Upgrading on OpenShift in an online environment

Perform an online (connected to the internet) upgrade of IBM® API Connect on Red Hat OpenShift Container Platform using either the top-level APIConnectCluster CR or individual subsystem CRs.

Before you begin

  • If you are upgrading an air-gapped (disconnected from the internet) installation, see Air-gapped upgrade.
  • The Gateway subsystem remains available during the upgrade of the Management, Portal, and Analytics subsystems.
  • If you are upgrading to a version of API Connect that supports a newer version of Red Hat OpenShift, complete the API Connect upgrade before upgrading Red Hat OpenShift.
  • Upgrading from 10.0.5.2 or earlier: If you did not verify that your portal customizations are compatible with Drupal 10, do that now.

    In API Connect 10.0.5.3, the Developer Portal moved from Drupal 9 to Drupal 10 (this upgrade also requires PHP 8.1). The upgrade tooling will update your Developer Portal sites; however, if you have any custom modules or themes, it is your responsibility to ensure their compatibility with Drupal 10 and PHP 8.1 before starting the upgrade. Review the Guidelines on upgrading your Developer Portal from Drupal 9 to Drupal 10 to ensure that any customizations to the Developer Portal are compatible with Drupal 10 and PHP 8.1.

Procedure

  1. Ensure that you have completed all of the steps in Preparing to upgrade on OpenShift, including reviewing the Upgrade considerations on OpenShift.

    Do not attempt an upgrade until you have reviewed the considerations and prepared your deployment.

  2. Ensure your API Connect deployment is ready to upgrade:
    • Your API Connect release (operand) supports a direct upgrade to this release.

      For information on the operator and operand version that is used with each API Connect release, see Operator, operand, and CASE versions.

    • The DataPower operator version is correct for the currently deployed version of API Connect.

      For information on upgrade paths and supported versions of DataPower Gateway, see Upgrade considerations on OpenShift.

    • Your deployment is running on a version of Red Hat OpenShift that is supported by both the current version of API Connect and the target version of API Connect.

      For information, see Supported versions of OpenShift.

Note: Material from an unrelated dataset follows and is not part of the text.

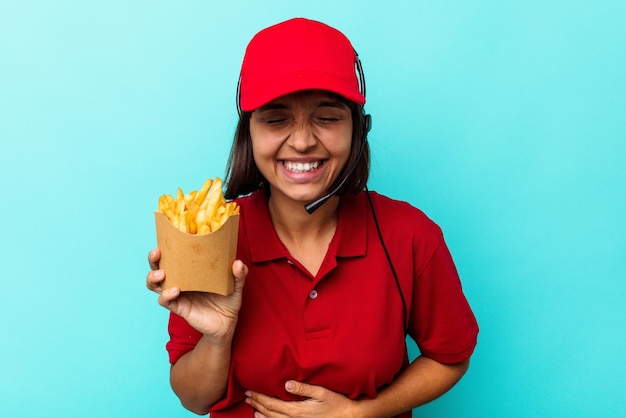 젊은 혼혈 여성 패스트푸드 레스토랑 직원이 파란 배경에 격리된 감자튀김을 들고 웃고 즐겁게 지내고 있습니다.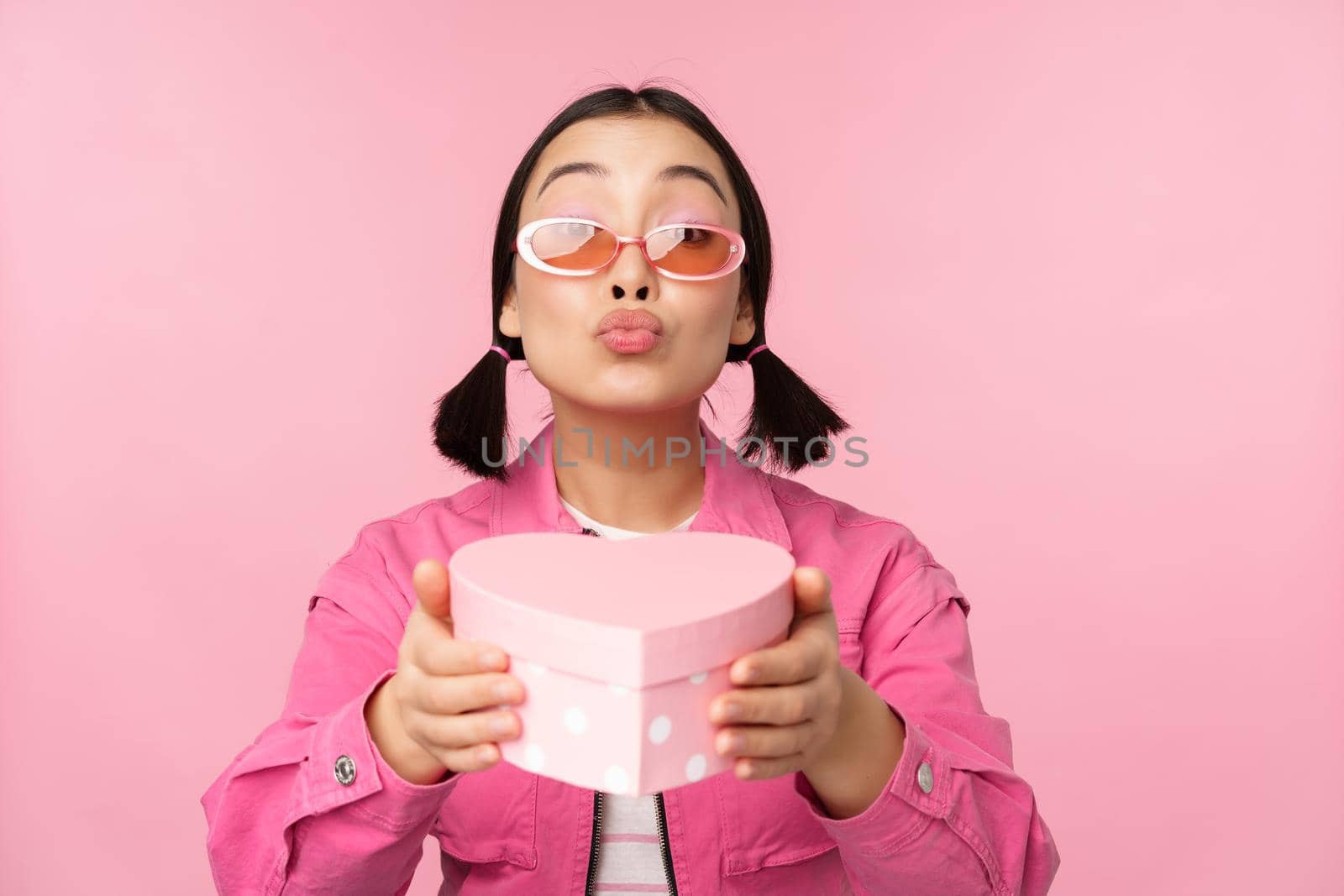 Cute asian girl giving you gift in heart shaped box, kissing and smiling, concept of holiday and celebration, standing over pink background by Benzoix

  3. Update the operator channels for DataPower and API Connect.
    • If you previously chose automatic subscriptions, the operator version upgrades automatically when you update the operator channel.

    • If you previously chose manual subscriptions and the operator channel is already on the previous version, OpenShift OLM notifies you that an upgrade is available. You must manually approve the upgrade before proceeding.
    • Both the API Connect and DataPower channels must be changed before either operator upgrades. The upgrade of both operators begins when the channel is changed for both operators.
    1. Upgrade the DataPower operator channel to v1.6. From Operators > Installed Operators, select the IBM DataPower Gateway operator, then select the Subscription tab. Click the channel version underneath Update channel to update it.
      Known issue:

      If you see messages in the datapower-operator pod log indicating that the pod is waiting for a lock to be removed:

      {"level":"info","ts":"2021-03-08T19:29:53.432Z","logger":"leader","msg":"Not the leader. Waiting."}
      {"level":"info","ts":"2021-03-08T19:29:57.971Z","logger":"leader","msg":"Leader pod has been deleted, waiting for garbage collection to remove the lock."}

      The DataPower operator cannot be upgraded until this problem is resolved; see: DataPower operator documentation.

    2. Update the API Connect operator channel to v3.9. From Operators > Installed Operators select the IBM API Connect operator, then select the Subscription tab. Click the channel version underneath Update channel to update it.

      If you are upgrading from 10.0.4-ifix3 and the API Connect operator does not begin its upgrade within a few minutes, perform the following workaround to delete the ibm-ai-wmltraining subscription and the associated csv:

      1. Run the following command to get the name of the subscription:
        oc get subscription --no-headers=true | grep ibm-ai-wmltraining | awk '{print $1}' -n <APIC_namespace>
      2. Run the following command to delete the subscription:
        oc delete subscription <subscription-name> -n <APIC_namespace>
      3. Run the following command to get the name of the csv:
        oc get csv --no-headers=true | grep ibm-ai-wmltraining | awk '{print $1}' -n <APIC_namespace>
      4. Run the following command to delete the csv:
        oc delete csv <csv-name> -n <APIC_namespace>

      Deleting the subscription and csv triggers the API Connect operator upgrade.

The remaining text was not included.